Как на одном стебле четыре розы
Пурпурные блистают в летний день,
Так целовались губы спящих братьев.
Наконец, вся трагедия жизни и смерти Ричарда точно вставлена в рамку женской печали и насквозь пронизана женскими воплями. По своей внутренней форме она имеет сходство с греческой трагедией, подобно тому, как и фактически образует собой последнее звено тетралогии.
Нигде Шекспир не стоит так близко к классическому направлению драмы, развившемуся в Англии по образцу Сенеки.
Все исходит здесь от проклятия, которое Йорк в третьей части «Генриха VI» (I, 4) изрекает над головой Маргариты Анжуйской. Она глумилась над своим пленным врагом, она вонзила кинжал в сердце его сыну, малолетнему Рутленду, и подала отцу платок, смоченный его кровью. За это она теряет своего мужа и корону, своего сына, принца Уэльского, своего любовника Суффолка, — все, что привязывает ее к жизни.
Но теперь и для нее наступило время отмщения. Поэт хотел олицетворить в ней древнюю Немезиду; он придал ей размеры, превышающие действительность, и поставил ее вне условий действительной жизни. Она, изгнанница, беспрепятственно возвращается в Англию, бродит по замку Эдуарда IV и дает полную волю своей ненависти и ярости в присутствии его самого, его родственников и придворных. Точно так же бродит она и при Ричарде III, единственно для того, чтобы проклинать своих врагов, и эти проклятия даже у Ричарда вызывают порой суеверный трепет.

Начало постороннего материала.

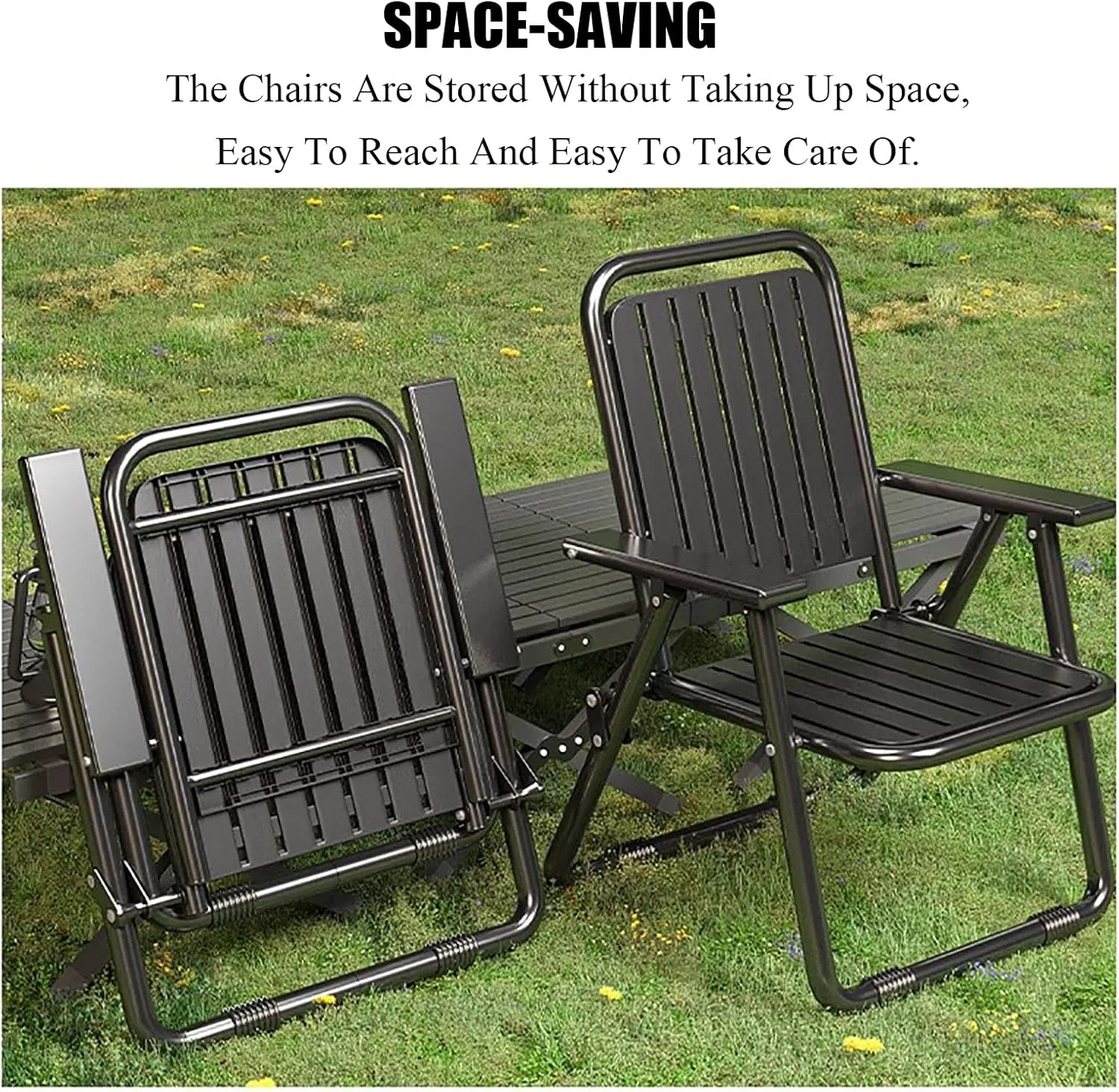 Folding Patio Chair,Outdoor Dining Chair with Armrests and Back,Portable Patio Chair for Porch, Deck,Garden, Backyard,Metal Frame,Perfect for Summer(2pcs, Brown)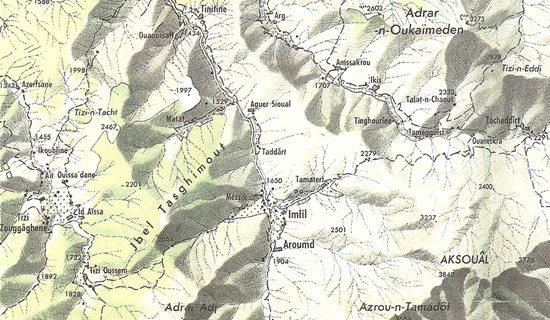 Mapa - Jebel Toubkal (4167m)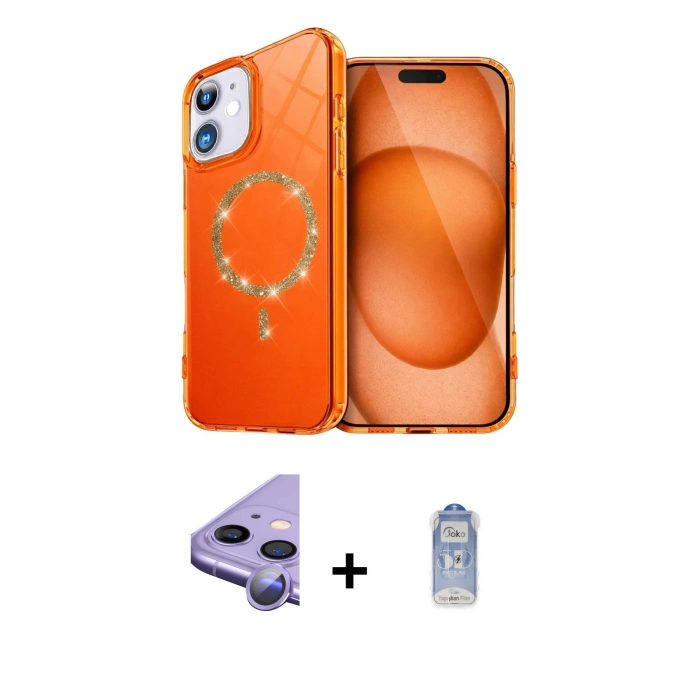 ieg™ iPhone 11 Kılıf Kıvılcım Form Prime - Siyah Joko Magic 5D Cam + Mor Raze Metal Kamera Lens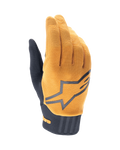 Guantes Alpinestars A-Dura, guantes de ciclismo de montaña MTB, dorado oscuro y negro, parte superior de tela dorada texturizada con un gran logotipo gris de Alpinestars, puño de neopreno negro, diseñados para el agarre y la movilidad en ciclismo de montaña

Никогда после того Шекспир не удалялся до такой степени от возможного с целью достигнуть сценического воздействия. И все же сомнительно, чтобы оно им достигалось здесь. При чтении все эти проклятия, конечно, потрясают нас с необычайной силой; на сцене же Маргарита, нарушающая и замедляющая ход действия, но ни разу не вступающая в него, может только утомлять. Впрочем, даже и не вступая в действие, она все же производит достаточно сильное впечатление. Все, кого она прокляла, все умирают, — король и его малолетние дети, Риверс и Дорсет, лорд Гастингс и т. д.

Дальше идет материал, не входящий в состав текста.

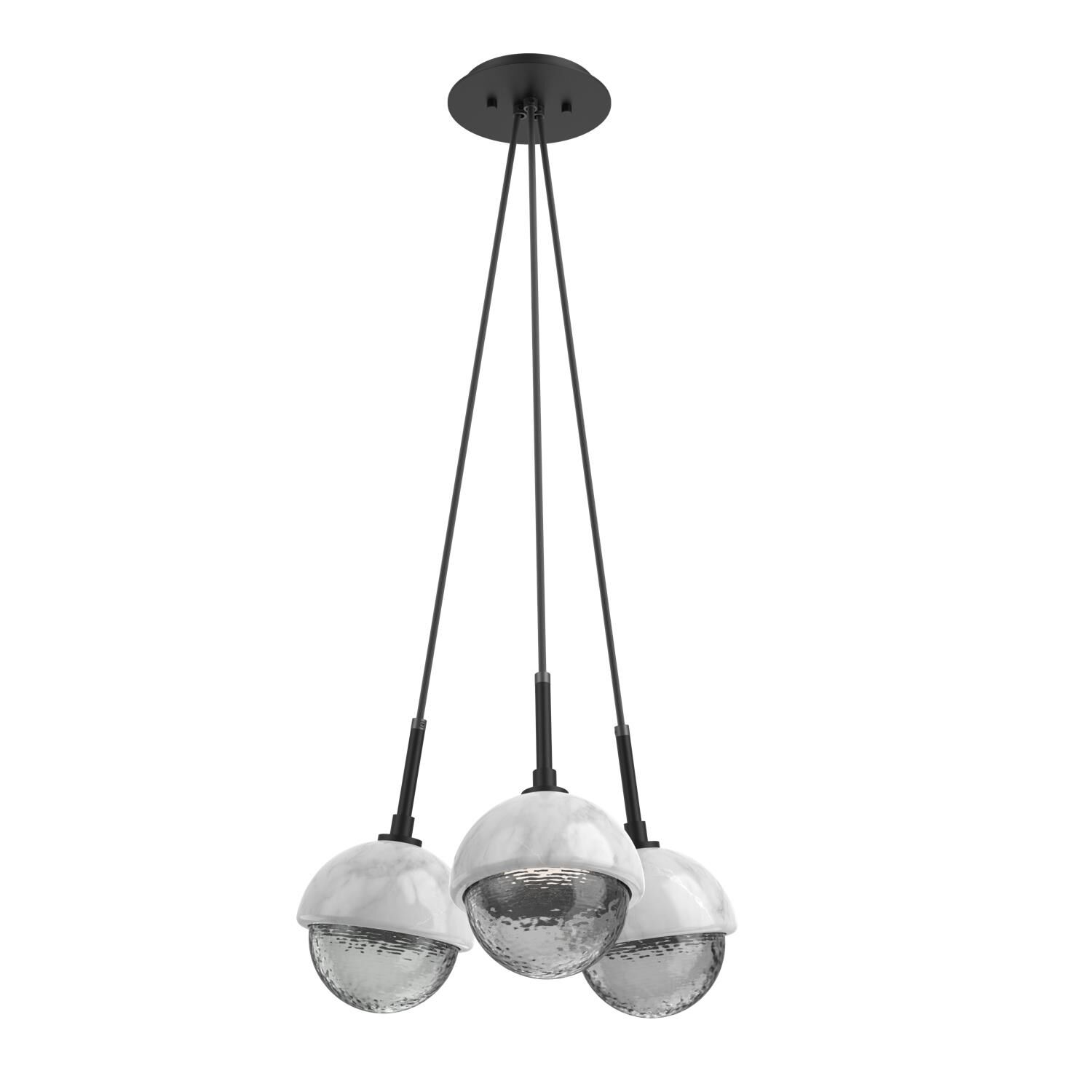 Shown in Matte Black finish and Smoke glass and White Marble accent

Она встречается с герцогиней Йоркской, матерью Эдуарда IV, и с королевой Елизаветой, его вдовой, под конец и с Анной, так нагло добытой и так скоро покинутой Ричардом. И из уст всех этих женщин снова и снова раздаются в рифмованных стихах, точно в греческом хоре, проклятия и стоны в могучем лирическом стиле. В двух главных местах (II, 2, и IV, 1) они поют настоящие хоры в форме реплик.

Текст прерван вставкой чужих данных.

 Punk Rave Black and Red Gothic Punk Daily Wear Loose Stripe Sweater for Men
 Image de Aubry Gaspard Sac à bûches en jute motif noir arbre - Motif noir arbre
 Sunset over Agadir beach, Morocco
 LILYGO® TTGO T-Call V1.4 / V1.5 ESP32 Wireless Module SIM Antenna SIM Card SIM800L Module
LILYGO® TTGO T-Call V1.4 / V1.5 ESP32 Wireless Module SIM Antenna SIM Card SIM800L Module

Прочтите эти строки, как образчик лирического тона дикции:
Герцогиня Йоркская (Дорсету).
Беги же к Ричмонду
И счастлив будь!
(Леди Анне.) Ты к Ричарду иди и пусть тебя
Хранят святые ангелы.
(Кор. Елизавете.) Не медли,
Укройся в храме и молися там!
А мне — одна могила остается:
Там я найду покой и тишину.
Я восемьдесят горьких лет прожила,
За каждый час платя неделей горя.
Вот каково это юношеское произведение, где все твердо, все богато и уверенно, не все одинаково хорошо. Все здесь разработано только на поверхности; действующие лица сами говорят, что они такое, и все они, буйные и кроткие, прозрачны и слишком знают самих себя. Каждое из них вполне высказывает себя в монологах, и над каждым отдельным лицом произносится приговор как бы в пении античного хора.
То время еще не настало, когда Шекспиру не придет мысль заставлять действующее лицо торжественно протягивать зрителю ключ для его уразумения, и когда он, наоборот, запрятывает этот ключ на дно природы своего действующего лица, так глубоко, как только позволяет его дар проникновения в тайны и противоречия душевной жизни.